E naquela época, o velório era assim: acontecia entre as paredes onde a pessoa viveu. O morto voltava para o lugar onde amava, onde comia, onde dormia. Era o último suspiro da presença.
Meu pai achou que conhecia o homem. Disse que era boa pessoa, trabalhadora, jovem ainda. Resolveu que iria até lá. Um gesto simples, como tantos outros que ele fazia, mas que dizia muito sobre o homem que era.
Dona Catarina ia. Minha mãe decidiu ir também.
E eu? Fui junto.
Era a primeira vez que eu via alguém morto. E mesmo antes de chegar perto, já sentia o peso do que não entendia.
A casa estava cheia. Gente por todos os lados. Uns em pé, outros sentados onde podiam. A luz ainda não tinha voltado, e as velas davam à cena um tom amarelado, quase triste. Aquelas chamas pareciam saber o que estava acontecendo.
Do quarto ao lado da cozinha vinha um choro que atravessava os ossos. A mulher do falecido estava lá, cercada por parentes, vizinhos, talvez desconhecidos. Era um som agudo, repetido, desesperado.

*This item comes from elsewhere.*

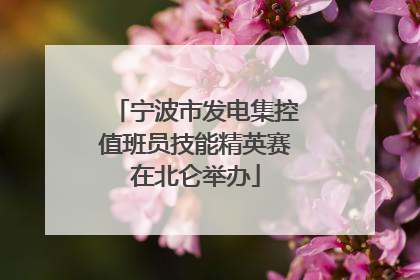 宁波市发电集控值班员技能精英赛在北仑举办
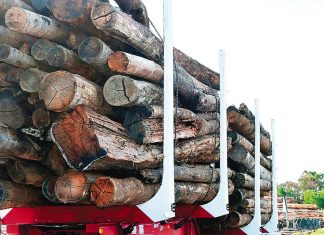 Devil in the detail of timber report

Eu fiquei parada, sem coragem de entrar naquele quarto.
Fiquei ali, num canto da sala. E ao meu lado direito… o caixão.
O homem parecia estar dormindo. Mas de um sono diferente. Um que não tinha retorno.
Era careca. Tinha um bigode grisalho e um corte no supercílio. Outro na lateral do queixo. A pele ainda tinha cor, como se o sangue tivesse esquecido de parar. Aquilo só podia ter acontecido há pouco tempo.
Fiquei olhando.
Pensando.
Será que ele sabia que estava ali?
Será que ia respirar debaixo da terra?
Será que sentiria frio?
Ideias desconexas, perguntas que vinham e iam. Nada fazia muito sentido.
Mas havia uma certeza: ele não acordaria mais.
E isso me assustou de um jeito silencioso. Porque ninguém disse nada. Ninguém me explicou. Eu apenas senti.
A mulher saiu do quarto por um instante. Era pequena, magra, com cabelo curto, daqueles práticos. Os olhos vermelhos, o rosto molhado de lágrimas. Não me lembro de filhos. Talvez não tivessem.
Só sei que ali estavam ela, o silêncio, e o corpo dele.
A casa era simples. Sem varanda. Da porta já se caía na sala. Móveis antigos, chão de cimento. O cheiro de vela misturado com café.
A vida deles era aquela.
E agora, ele não estava mais.
Ou talvez estivesse.
Mas de outro jeito, que eu ainda não conhecia.
As pessoas conversavam baixo, algumas em grupos pequenos, até no quintal. A noite seguia, lenta. E então, como se esperasse o momento certo, a luz voltou.
Uma luz fraca, quase uma sombra. A lâmpada piscou duas vezes antes de se firmar. Amarelada, como aquelas de 50 watts que parecem nunca estar inteiramente acesas.
Até hoje gosto de luz branca. Branca de doer. E talvez seja por isso.
Quando a luz se firmou bem sobre o caixão, vi a mulher se aproximar dele. Encostou, chorou ainda mais forte, como se aquele fosse o último toque possível. Um adeus sem palavras, mas com todo o corpo.
Minha mãe, como sempre, entendeu antes de mim.
Me pegou pela mão e disse:
— Vamos.
E fomos com meu pai e dona Catarina. Saímos devagar. Passamos pelo portão sem dizer nada. A rua ainda estava escura. Mas agora havia luz dentro das casas.
Eu não perguntei nada. Não precisava.
E minha mãe, talvez sem saber, me ensinou que às vezes o silêncio é o único jeito de se lembrar de algo sem quebrar.
Risos. E assim se vivia ou se aprendia a viver nos anos 80 e 90.